O prognóstico é nebuloso para cada item que Obama prometeu revolucionar, como a ampliação da assistência médica. "As propostas feitas durante a campanha custam dinheiro, e Obama não poderá financiar todas elas enquanto a crise perdurar", disse a VEJA Stephen Wayne, da Universidade Georgetown, em Washington. "Ele terá de escolher prioridades e fatalmente acabará frustrando muita gente."

Até a equipe de Obama acha que chegou o momento de frear o entusiasmo – sob o risco de desilusão generalizada. "É importante que todos entendam que nada vai acontecer da noite para o dia.
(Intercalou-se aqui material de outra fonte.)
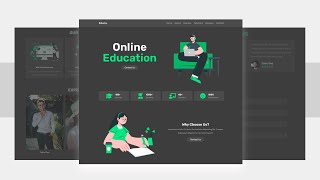 How To Make A Responsive Online Education Website Design Using HTML  CSS  JavaScript Step By Step [upl. by Emearg]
É preciso ter uma expectativa realista do que pode acontecer e com que velocidade", adverte Robert Gibbs, assessor graduado do presidente eleito. A prisão de Guantánamo, por exemplo. Obama diz que vai fechar – e faz muito bem. Mas isso depende de encontrar um destino para os mais de 200 prisioneiros que estão por lá. É possível que alguns sejam inocentes, mas uma parte é de terroristas da pesada. Ninguém de boa-fé os quer soltos por aí.

E as duas guerras? O Iraque custou a vida de 4 000 americanos e suga 12 bilhões de dólares mensais dos cofres dos Estados Unidos. Obama propôs retirar a soldadesca em dezesseis meses. Isso depende, evidentemente, de combinar com o outro lado. O presidente pretende enviar as tropas que saírem dali para o Afeganistão. Portanto, uma guerra depende da outra e ambas dependem do tamanho da recessão. Assim são as promessas de campanha. Raras sobrevivem ao teste da realidade.